Außerdem fassen wir die wichtigsten Ergeb­nisse aus einem Sicherheitstest des ADAC zusammen: Im Jahr 2021 hat der Auto­mobilclub verschiedene Trans­port­möglich­keiten verglichen – etwa dahin­gehend, wie robust die Gurt­systeme sind und ob Kinder sich verletzen können. Teil der Prüfung war auch ein Crashtest, bei dem ein Pkw mit 30 km/h seitlich in das mit Dummies besetzte Fahr­rad fuhr.

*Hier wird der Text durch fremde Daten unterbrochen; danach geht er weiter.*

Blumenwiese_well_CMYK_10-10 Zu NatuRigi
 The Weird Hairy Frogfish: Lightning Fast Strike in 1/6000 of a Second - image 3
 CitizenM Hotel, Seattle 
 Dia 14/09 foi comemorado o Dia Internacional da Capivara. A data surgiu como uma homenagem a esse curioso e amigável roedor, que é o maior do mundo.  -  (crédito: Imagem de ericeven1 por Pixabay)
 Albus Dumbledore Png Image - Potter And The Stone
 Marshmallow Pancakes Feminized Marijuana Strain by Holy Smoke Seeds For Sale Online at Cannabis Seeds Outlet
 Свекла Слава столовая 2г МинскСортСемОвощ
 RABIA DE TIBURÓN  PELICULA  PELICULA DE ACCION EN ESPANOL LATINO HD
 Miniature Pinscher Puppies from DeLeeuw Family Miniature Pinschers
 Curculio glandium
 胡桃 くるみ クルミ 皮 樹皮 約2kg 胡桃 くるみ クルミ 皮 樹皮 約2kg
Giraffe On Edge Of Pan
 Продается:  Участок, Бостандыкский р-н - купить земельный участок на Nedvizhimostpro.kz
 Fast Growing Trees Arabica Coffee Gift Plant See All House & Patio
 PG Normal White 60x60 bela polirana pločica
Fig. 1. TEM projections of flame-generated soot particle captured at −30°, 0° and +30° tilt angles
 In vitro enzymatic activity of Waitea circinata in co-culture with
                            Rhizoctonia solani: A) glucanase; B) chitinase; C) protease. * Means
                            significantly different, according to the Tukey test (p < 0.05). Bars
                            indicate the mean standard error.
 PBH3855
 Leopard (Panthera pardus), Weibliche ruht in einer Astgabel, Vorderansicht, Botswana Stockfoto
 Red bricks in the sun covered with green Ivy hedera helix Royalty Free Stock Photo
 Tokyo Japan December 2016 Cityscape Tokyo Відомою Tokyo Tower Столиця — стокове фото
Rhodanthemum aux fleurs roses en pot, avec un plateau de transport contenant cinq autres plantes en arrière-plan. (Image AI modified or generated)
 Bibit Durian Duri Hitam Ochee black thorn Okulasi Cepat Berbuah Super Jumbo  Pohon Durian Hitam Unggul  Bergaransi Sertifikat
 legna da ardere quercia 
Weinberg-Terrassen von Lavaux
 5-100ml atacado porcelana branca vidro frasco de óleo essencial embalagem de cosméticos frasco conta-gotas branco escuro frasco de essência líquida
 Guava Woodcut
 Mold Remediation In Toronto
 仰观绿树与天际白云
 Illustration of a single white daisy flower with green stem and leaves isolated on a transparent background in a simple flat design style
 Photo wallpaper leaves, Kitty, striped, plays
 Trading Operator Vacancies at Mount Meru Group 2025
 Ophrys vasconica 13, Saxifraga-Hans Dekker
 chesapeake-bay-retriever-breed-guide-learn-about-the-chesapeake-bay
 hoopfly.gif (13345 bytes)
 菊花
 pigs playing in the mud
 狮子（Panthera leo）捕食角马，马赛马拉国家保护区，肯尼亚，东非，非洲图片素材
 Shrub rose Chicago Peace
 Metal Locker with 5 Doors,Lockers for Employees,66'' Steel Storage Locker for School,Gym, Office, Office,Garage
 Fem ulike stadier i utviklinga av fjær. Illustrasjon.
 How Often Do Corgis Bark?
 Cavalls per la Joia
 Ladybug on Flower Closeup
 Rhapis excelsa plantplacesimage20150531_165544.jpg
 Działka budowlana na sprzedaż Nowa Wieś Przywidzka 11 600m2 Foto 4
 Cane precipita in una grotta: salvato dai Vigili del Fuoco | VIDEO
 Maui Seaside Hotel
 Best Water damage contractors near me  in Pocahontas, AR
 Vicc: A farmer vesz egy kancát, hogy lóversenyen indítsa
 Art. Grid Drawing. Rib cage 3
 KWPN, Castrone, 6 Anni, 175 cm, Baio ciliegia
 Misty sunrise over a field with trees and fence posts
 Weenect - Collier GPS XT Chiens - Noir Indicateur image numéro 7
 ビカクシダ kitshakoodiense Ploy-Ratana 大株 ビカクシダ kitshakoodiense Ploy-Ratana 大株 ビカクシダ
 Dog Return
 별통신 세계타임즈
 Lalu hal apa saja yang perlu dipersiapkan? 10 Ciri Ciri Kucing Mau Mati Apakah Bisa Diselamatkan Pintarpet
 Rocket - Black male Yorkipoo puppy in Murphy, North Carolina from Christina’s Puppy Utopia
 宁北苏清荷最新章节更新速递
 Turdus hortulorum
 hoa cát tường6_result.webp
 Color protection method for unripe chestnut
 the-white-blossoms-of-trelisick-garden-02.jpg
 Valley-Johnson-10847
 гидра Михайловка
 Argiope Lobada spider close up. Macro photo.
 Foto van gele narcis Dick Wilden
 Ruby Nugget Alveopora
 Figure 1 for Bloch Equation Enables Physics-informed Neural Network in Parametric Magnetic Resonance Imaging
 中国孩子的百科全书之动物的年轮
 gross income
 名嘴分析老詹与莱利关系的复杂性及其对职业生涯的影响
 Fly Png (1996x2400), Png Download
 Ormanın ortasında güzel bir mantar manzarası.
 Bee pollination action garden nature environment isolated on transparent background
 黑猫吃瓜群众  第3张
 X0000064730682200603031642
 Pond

Tipps: So sorgen Eltern für mehr Sicherheit

Hundert­prozentig sicher fahren Kinder in keiner der Trans­port-Varianten. Eltern können aber selbst für mehr Sicherheit sorgen, wenn sie mit Kindern auf oder am Fahr­rad unterwegs sind:

  • Abwarten. Wir empfehlen, Kinder erst dann im Fahr­rad­anhänger oder Kinder­sitz auf dem Rad mitzunehmen, wenn sie sicher und selbst­ständig sitzen können. Erst dann ist ihre Muskulatur gut genug ausgebildet, um den Körper auch bei rumpeliger Fahrt zu halten.
  • Helm tragen. Kinder sollten immer einen Helm tragen. Modelle, die gut schützen, fanden wir im Kinderhelm-Test. Eltern sollten Vorbild sein und ebenfalls Helm tragen. Gute Modelle fanden wir im Fahrradhelm-Test für Erwachsene.
  • Anschnallen. Gurte auch auf kurzen Stre­cken immer anlegen. Wenn, beispiels­weise in einem Lastenrad, keine Gurte vorhanden sind, sollten Sie prüfen, ob sich diese nach­rüsten lassen.
  • Sicht­bar machen. Mit Anhänger oder angehängtem Kinder­fahr­rad wird das Fahr­rad deutlich länger. Für andere Verkehrs­teilnehmer ist das nicht unbe­dingt sicht­bar. Bringen Sie Fähn­chen oder Wimpel an, die auch in unüber­sicht­lichen Verkehrs­situationen – etwa hinter parkenden Autos – gut erkenn­bar sind.
  • Im Blick behalten. Wenn Kinder hinter dem Fahr­rad mitfahren, in einem Anhänger oder auf einem angehängten Rad, ist ein Rück­spiegel am Lenker sinn­voll, damit Sie die Kinder stets im Blick haben.
  • Fahren üben. Insbesondere das Fahr­verhalten der Lastenräder ist am Anfang gewöhnungs­bedürftig. Erst im verkehrs­beruhigten Bereich üben, bevor Sie kleine Passagiere mitnehmen.
  • Umsichtig fahren. Generell gilt: Umsichtig fahren und Gefahrensituationen vermeiden. Auch wenn es schnell gehen soll, eher den sichersten statt den kürzesten Weg wählen.
Fahr­rad­anhänger: Vielseitig und praktisch
Kinder­trans­port mit dem Fahr­rad - Wie Kinder sicher mitradeln

Komfortabel. Fahr­rad­anhänger sind praktische Kinder­taxis und oft auch als Buggy zu nutzen. © Sven Wied

Ein Fahr­rad­anhänger ist die klassische Lösung für das Problem Kinder­trans­port. Sie lassen sich meist schnell ans normale Fahr­rad koppeln und können oft auch als Buggy-Ersatz für bis zu zwei Kinder dienen. In gefederten Anhängern ist der Mitfahr­komfort für Kinder vergleichs­weise hoch, zumal sie guten Wetter­schutz bieten.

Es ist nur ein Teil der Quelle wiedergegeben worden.